Notre réflexion critique suggère ni plus ni moins que, même en adhérant à l’argumentation de Bruce G. Trigger pour distinguer ethnohistoire et histoire, nous ne pouvons en revanche le suivre lorsqu’il conclut que l’ethnohistoire serait essentiellement ou exclusivement l’histoire des Autochtones. À notre sens, sa sphère ou son optique engloberait aussi tous les «laissés-pour-compte» de l’Histoire. Loin de se détacher et de constituer une nouvelle spécialité autonome ou une nouvelle discipline intellectuelle, l’ethnohistoire constitue un champ majeur d’investigation et de réflexion. Elle serait en quelque sorte l’histoire à part entière des Autres. Ajoutons cependant que les Autres ne sont pas les sociétés prétendues «primitives» ou dites «archaïques», une invention ancienne confortée par des théories et des exemples25, mais comme le suggère l’anthropologue et sociologue Jean Copans (né en 1942): «L’Autre, c’est moi-même, d’une part parce que les Autres ont à leur tour le droit à la parole et d’autre part, parce que l’univers social contemporain a dissout jusqu’au plus profond de chacun de nous les références identitaires qui ordonnancent les différences majeures de civilisation, de culture, de genre, de personne26.» Et c’est pourquoi: «L’Autre n’est pas qu’un primitif exotique, il n’est pas non plus notre ancêtre rural, mais notre concitoyen et l’ensemble des Autres produits par notre société (l’immigré, l’exclu, etc.)27.» En somme, «son identité reste encore largement façonnée par le discours que nous tenons sur lui28».
L’ethnohistoire amérindienne est donc un genre d’ethnohistoire parmi d’autres. Rien de plus, rien de moins.

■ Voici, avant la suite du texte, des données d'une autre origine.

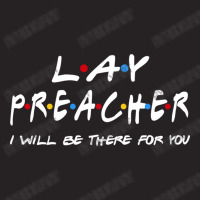 Lay Preacher   I'll Be There For You Vintage Cap | Artistshot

S’il est une critique que nous pouvons porter contre la proposition émise par Trigger, c’est bien sa dimension restrictive qui confine l’ethnohistoire à l’état de champ balisé. Reconnaître en bout de piste la préséance des documents écrits dans les recherches ethnohistoriques équivaut à admettre que l’étude du passé humain se fait d’abord, avant tout et surtout avec des sources mises en textes. Capitulation subtile, s’il en est une. Car elle évacue ou disqualifie un discours en train de se construire et ramène à la case départ, soit à une conception arrêtée de la notion même de document historique: notion pourtant en perpétuelle redéfinition.